## Image-caption web data
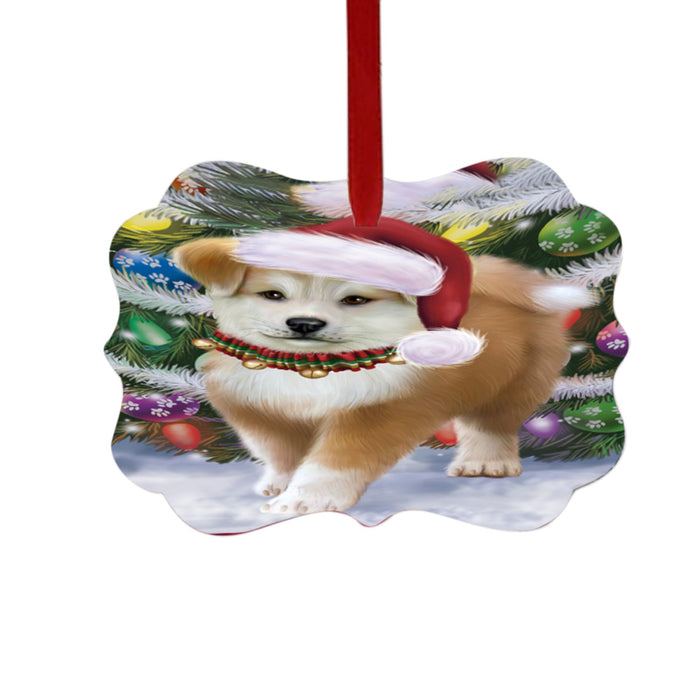 Trotting in the Snow Akita Dog Double-Sided Photo Benelux Christmas Ornament LOR49421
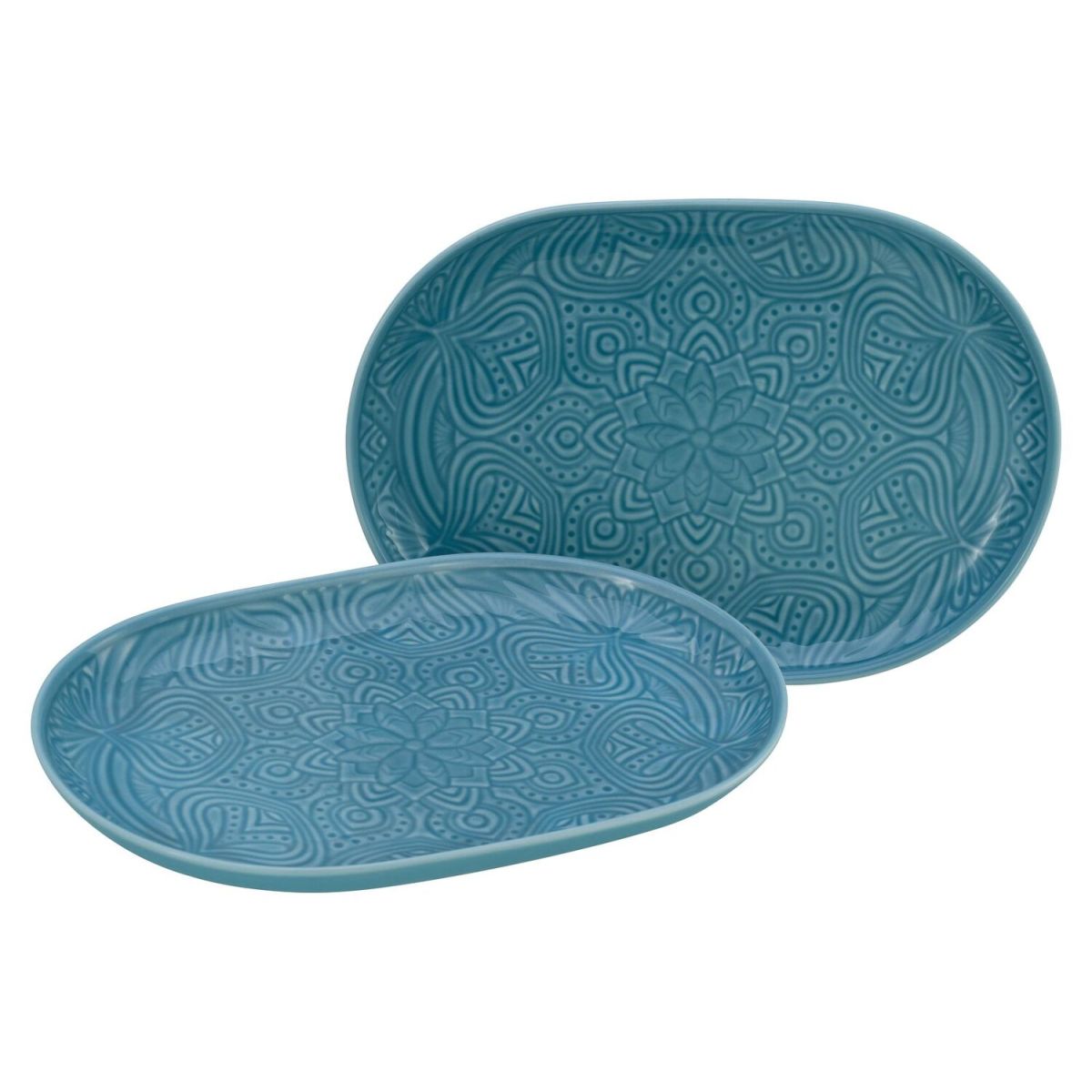 CreaTable Orient Mandala Aquamarine - Plattenset 2-tlg 28x19.5x2.5 cm (LxBxH); blau; oval; 2 Stück / Pack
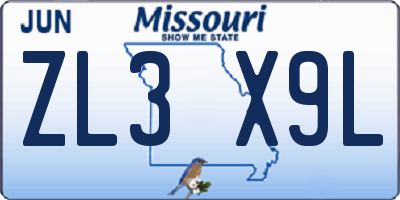 MO license plate ZL3X9L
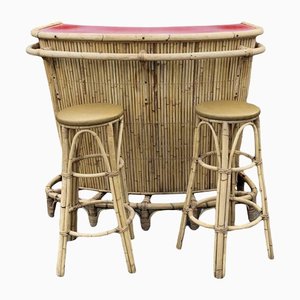 Tiki Bar in Bamboo with Stools, Set of 3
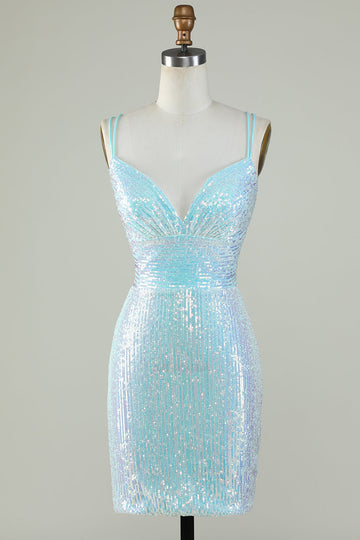 Bling Sheath Spaghetti Straps Light Blue Sequins Short Formal Dress with Criss Cross Back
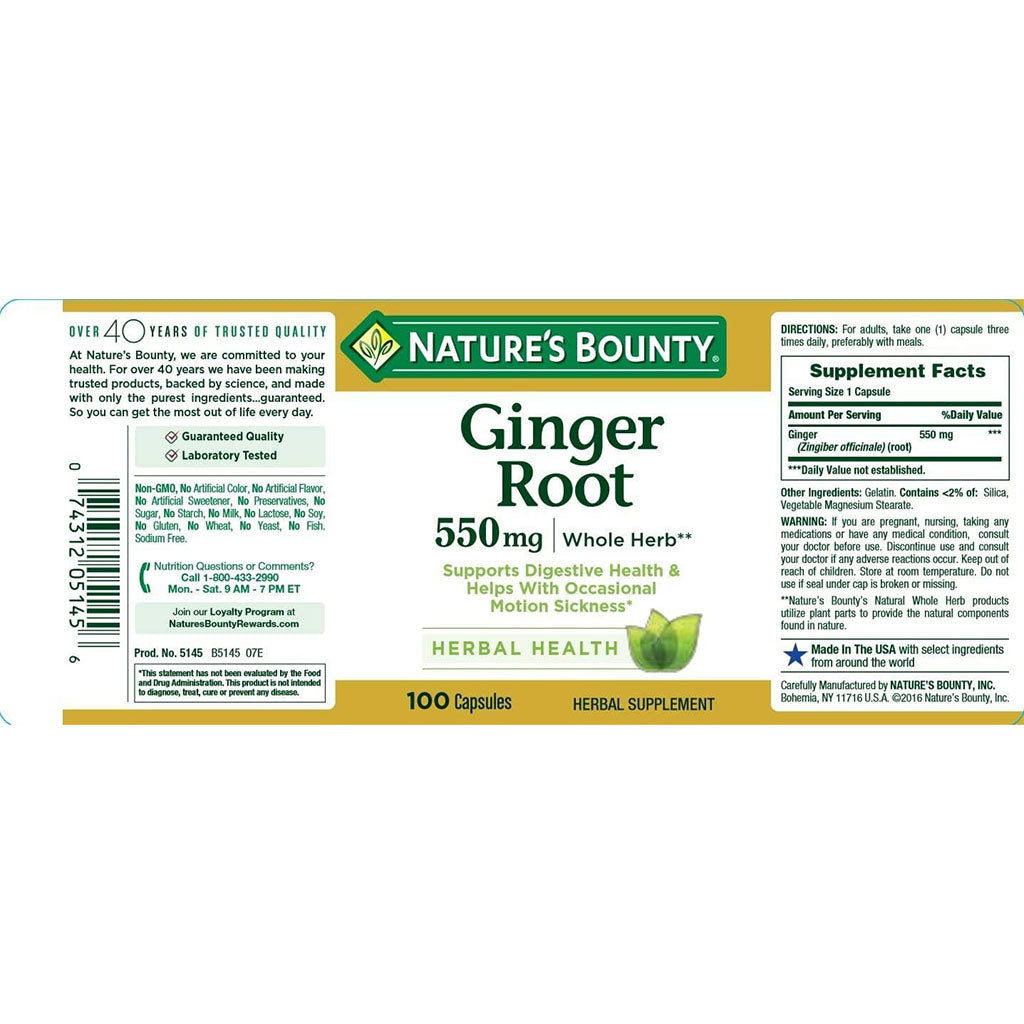 Nature's Bounty Ginger Root 550 mg Capsules 100's - Easy Pharmacy LLC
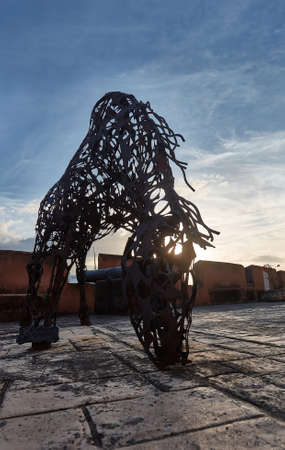 Sculpture of a horse. Modern art. Santo Domingo, Dominican Republic. 12/27/2016.のeditorial素材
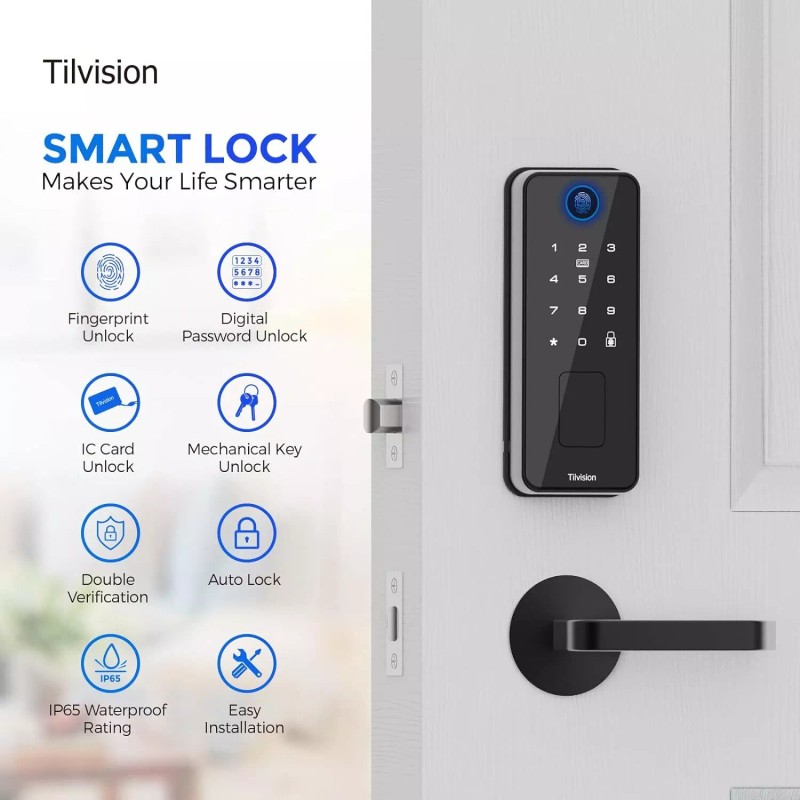 Tilvision Smart Fingerprint Lock Keyless Touchscreen Keypad Deadbolt Fob PasscodeAuto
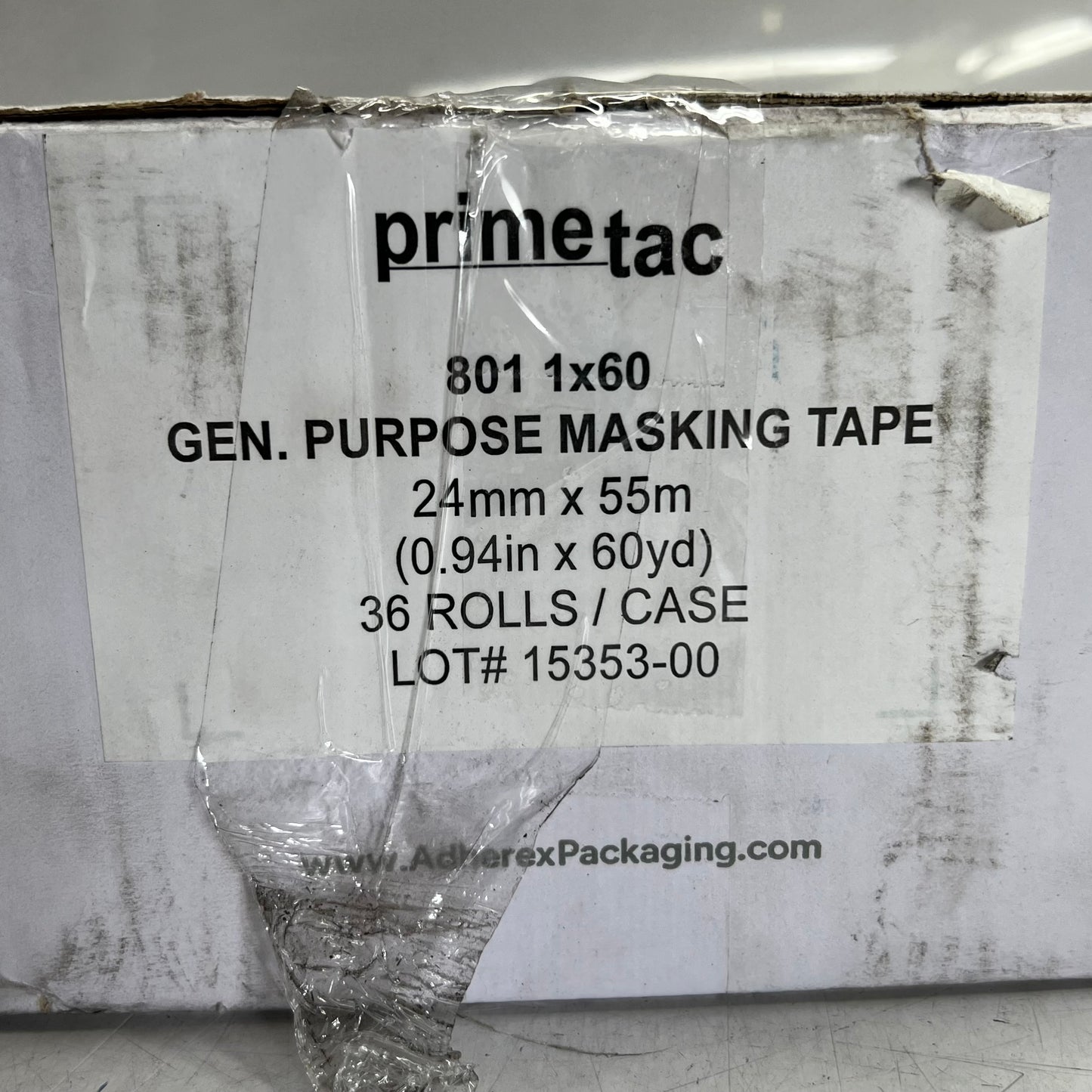 PRIMETAC (36 PACK) General Purpose Masking Tape Sz 0.94" x 60', Light Yellow 15353-00 (New Other, Distressed Box)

## PROMPT
When pictures appear in the records above, leave them out and reproduce exactly each line from the first through the line containing "Tiki Bar in Bamboo with Stools, Set of 3", both included.

## SOLUTION
 Trotting in the Snow Akita Dog Double-Sided Photo Benelux Christmas Ornament LOR49421
 CreaTable Orient Mandala Aquamarine - Plattenset 2-tlg 28x19.5x2.5 cm (LxBxH); blau; oval; 2 Stück / Pack
 MO license plate ZL3X9L
 Tiki Bar in Bamboo with Stools, Set of 3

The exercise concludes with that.